Summer before last my bike got hard to start. Backfired a lot when starting, often started when I released the starter button. I found that all of those problems went away when i retracted the side stand before starting. Oddly it would still run most times if I deployed the side stand after starting it. I never tried to figure it out. I would just retract the side stand and start it and go ride. Later after cleaning most of the built up chain lube, from around the counter shaft, side stand, and nearby frame, with degreaser the problem went away. Now it starts easily with the stand down. This is why I suggested earlier that you clean the side stand switch. Or just start it with the stand up, or bypass the switch. Walter
Thanks, I pulled the switch and tried to clean it; it looks like it's sealed. It didn't do much good, I'm not sure how to pull it apart....does it come apart? There was a switch off a later XR on eBayfor $16; I bought that and figure I'll try it out. Any ideas on how to pull the switch apart? If I keep this up, I'll have built myself a whole new freakin' bike!

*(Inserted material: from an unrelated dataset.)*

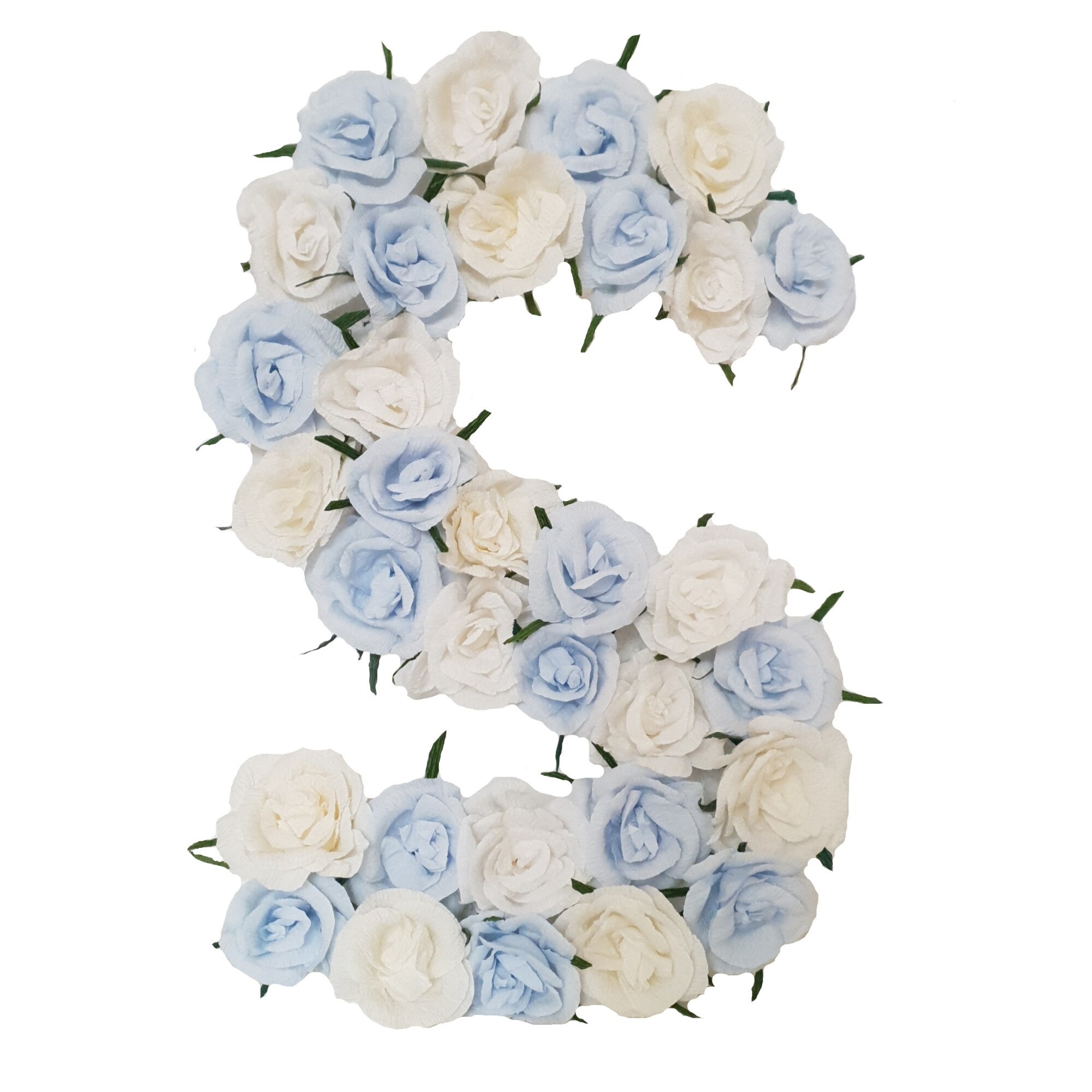 Litera volumetrica S Handmade Minis Boutique, alb cu bleu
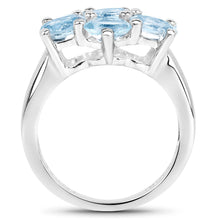 Load image into Gallery viewer, 3.57 Carat Genuine  Blue Topaz .925 Sterling Silver Ring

Here's what you want to do to make the problem go away. I just did this on a customers bike: First, put the side stand switch back on or the kick stand gets all wiggly. Cut the three wires at off the switch. Remove the seat so you can get to the 3 pin connector where the side stand wires connect to the main harness. Cut the green and the green/white wires from the side stand harness about an inch from the connector. Remove the 3rd wire. Strip, twist, and solder the green and green/white wires together and insolate the solder joint. The old connector from your side stand switch is now your new bypass jumper. The bike will start with the side stand up or down now.

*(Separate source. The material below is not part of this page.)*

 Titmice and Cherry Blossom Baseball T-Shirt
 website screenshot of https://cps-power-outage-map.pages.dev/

I beg to differ. The switch mounts to the end of the kickstand through bolt and does nothing in the way of the kickstand being WIGGLY. If the stand is wiggly, it's just wiggly and the switch is there for the ride. BTW... If you do have a loose fitting side stand just remove it from the bike and use a vise to squeeze the end that mounts to the frame together. Remount and the looseness should be gone.

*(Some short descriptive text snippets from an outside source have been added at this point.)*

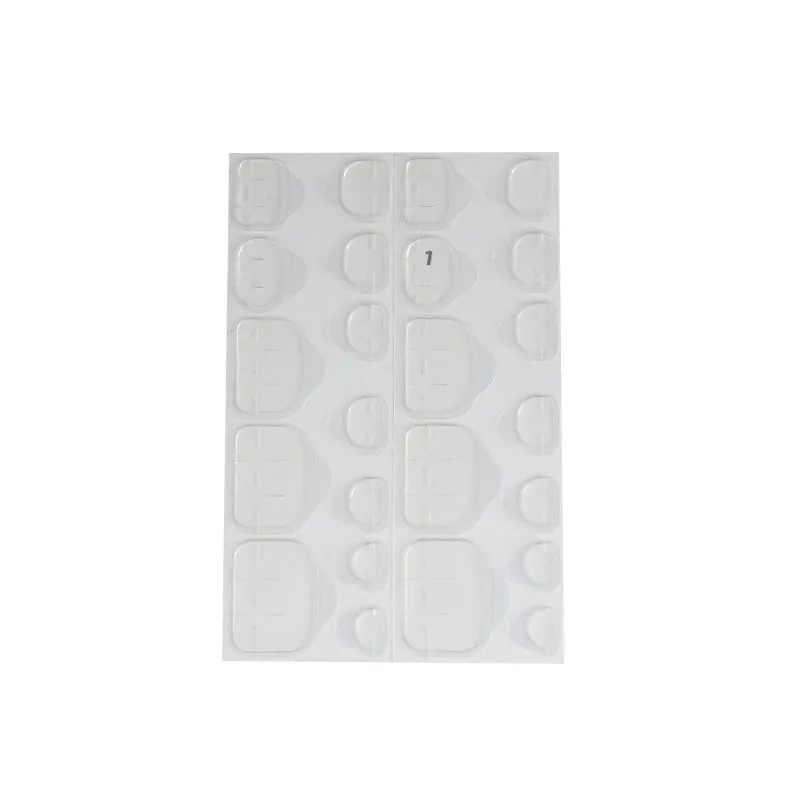Fake toe nail transparent jelly glue waterproof super sticky ultra-thin white glue shell pattern 10 pieces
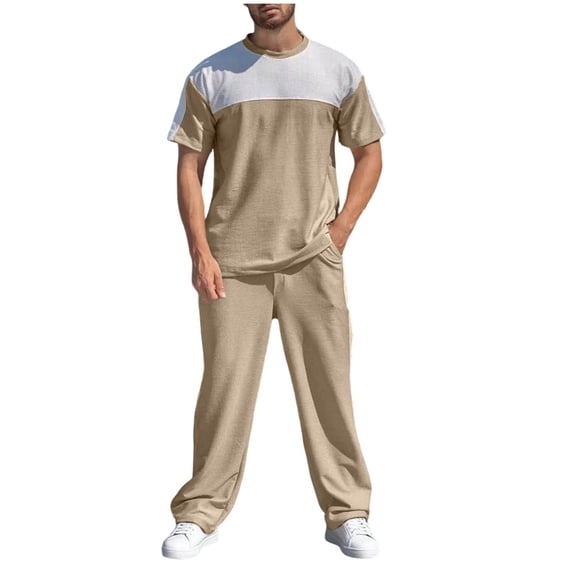 Gamivast Men's Short Sleeve Tracksuit Color Block T-Shirt and Pants Set Soft Breathable Outfit for Summer Casual Gym Workout Running Daily Sporty Clothing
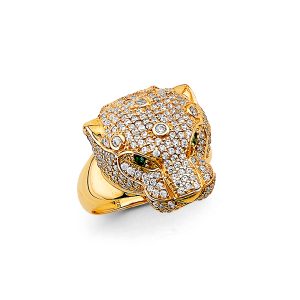 14K 2T CZ Panther Ring S2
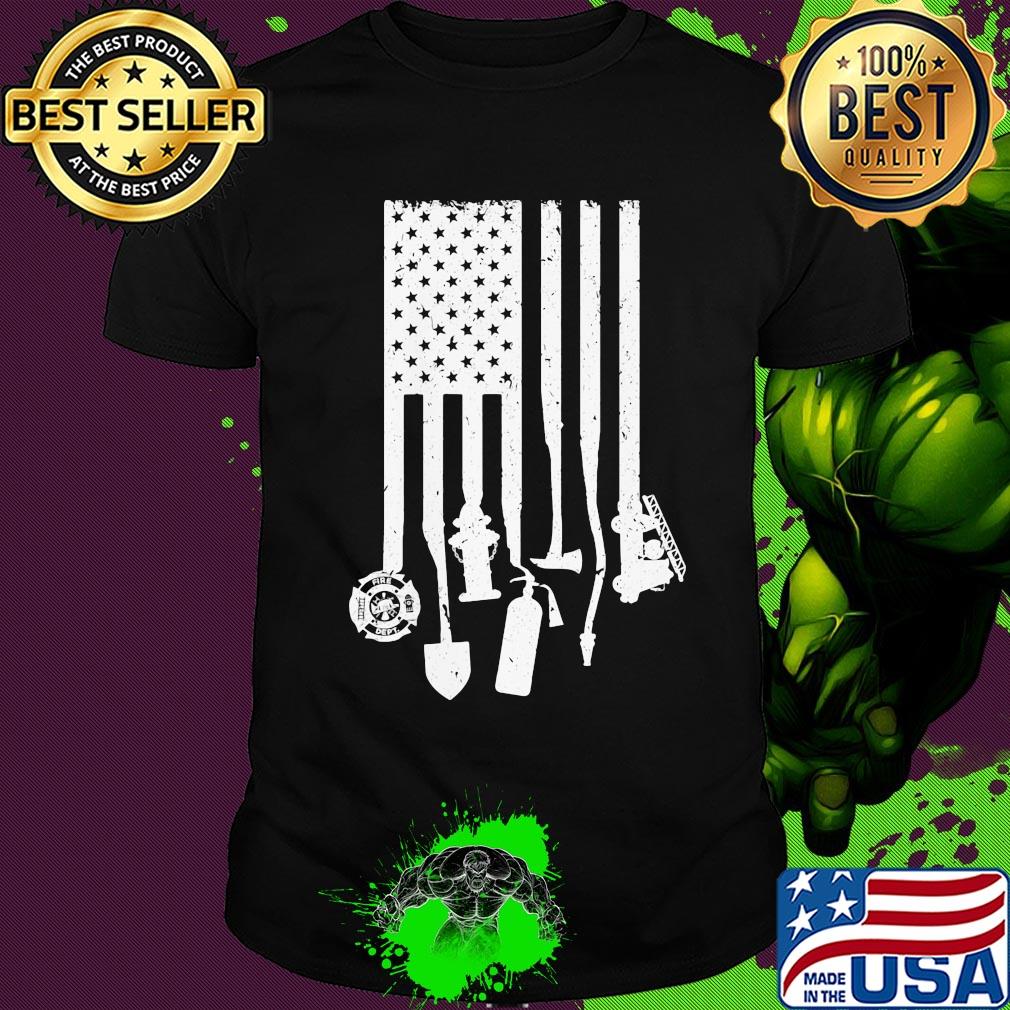 American flag veteran with firefighter shirt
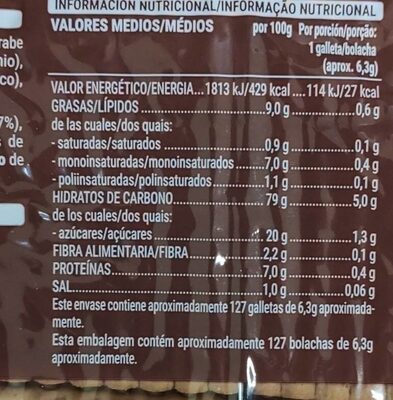 Galletas tostadas Hacendado ingredientes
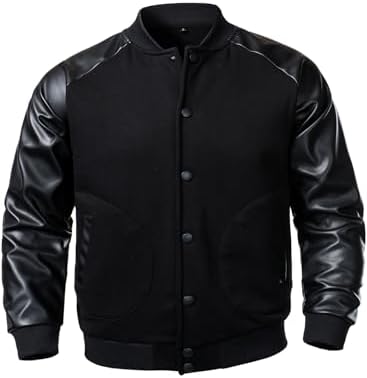 FANARCHER Men's Varsity Baseball Jacket Cotton Blend Letterman Jacket with Faux Leather Sleeve Bomber Coat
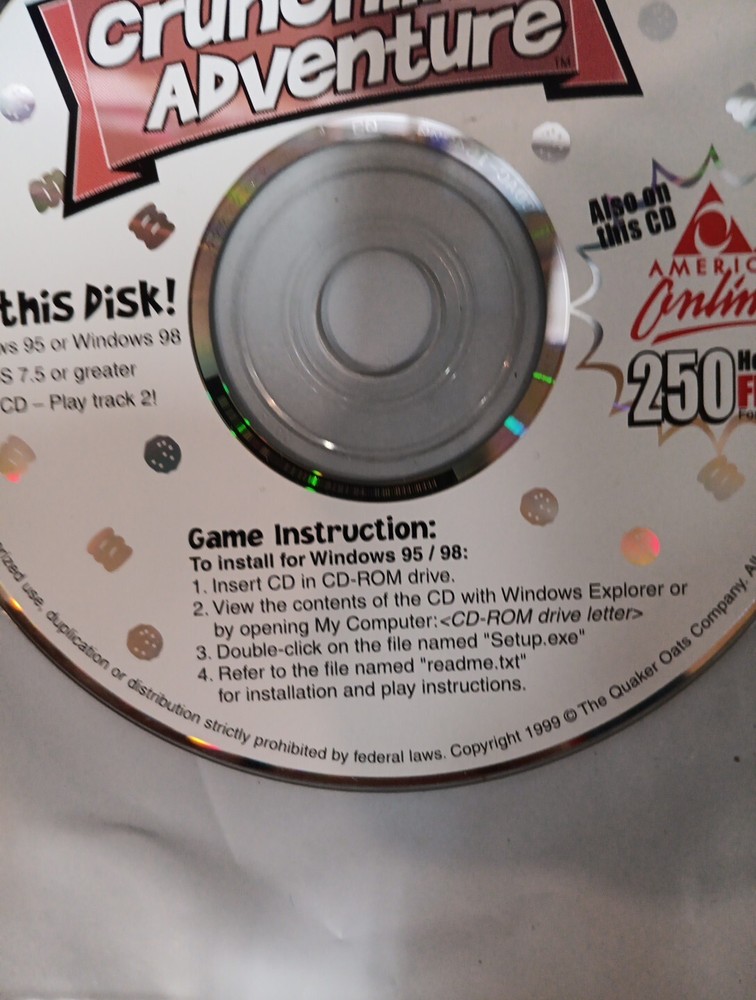 Cap’n Crunch’s Crunchling Adventure Software Windows 95 98 PC CD ONLY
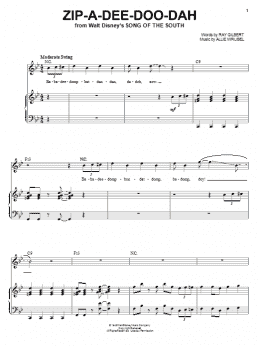 page one of Zip-A-Dee-Doo-Dah (from Song Of The South) (Piano & Vocal)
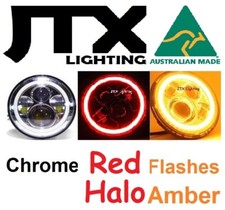JTX 7" CHROME LED Lights RED Halo Flash AMBER Holden EJ EK EH FJ FE FC FB Drover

Fair enough, I was moving pretty quickly to by-pass all the ignition and starter interlocks on the XRL and didn't look too hard at how the switch was mounted. It just looked as though it was held on with the same bolt as the side stand. My mistake, but I stand by the wiring solution and I assure you that it works.
Well, figured I update the thread on this nightmare. After all the troubleshooting I ordered a new pulse generator. I unplugged the old one and plugged the new one to the harness. I pulled the sparkplug and left it hanging off the lead. Previously when the bike wouldn't spark I'd test the plug against the frame and no spark. This time when it wouldn't start I did the same....no spark. With the new pulse generator plugged to the harness I waved a screwdriver across the "nib" that sticks out from the pulse generator (the trigger point) and a bright blue spark jumped the plug gap. So, I pulled the side cover and the old pulse generator had some metal filings stuck to it, removed it and installed the new one. Put the cover back on and presto!
Fairly common,,and plugging in the PG and waving a chisel or something in front of it is great as you don`t need to pull the clutch cover unnecessarily if it`s not the PG.. I have a thread on ThumperTalk on repairing the CDI as the solder joints are a common failure...it`s at the top of the XR600-650 FORUM if anyone is interested.. http://www.thumpertalk.com/topic/881740-xrl650lnx250650transalp-cdi-repair/ B
Dude you saved me a hell of a lot of time and energy. Spade connector on my coil was super loose. Pinched it so it’s tight and the bike is like new again. Thank you
I've been having an intermittent-stall issue for months, which I thought I have resolved with a loose ground under the seat, but the bike just stalled out on my way into work this morning. It started right up again so luckily I wasn't stranded. I'll be the first to admit; I'm an idiot when it comes to this stuff: where's the coil and which connector did you pinch? Any other suggestions would be much appreciated.
Take off the tank and follow the spark plug wire from the plug to the coil. You’ll see the connections on top of the coil.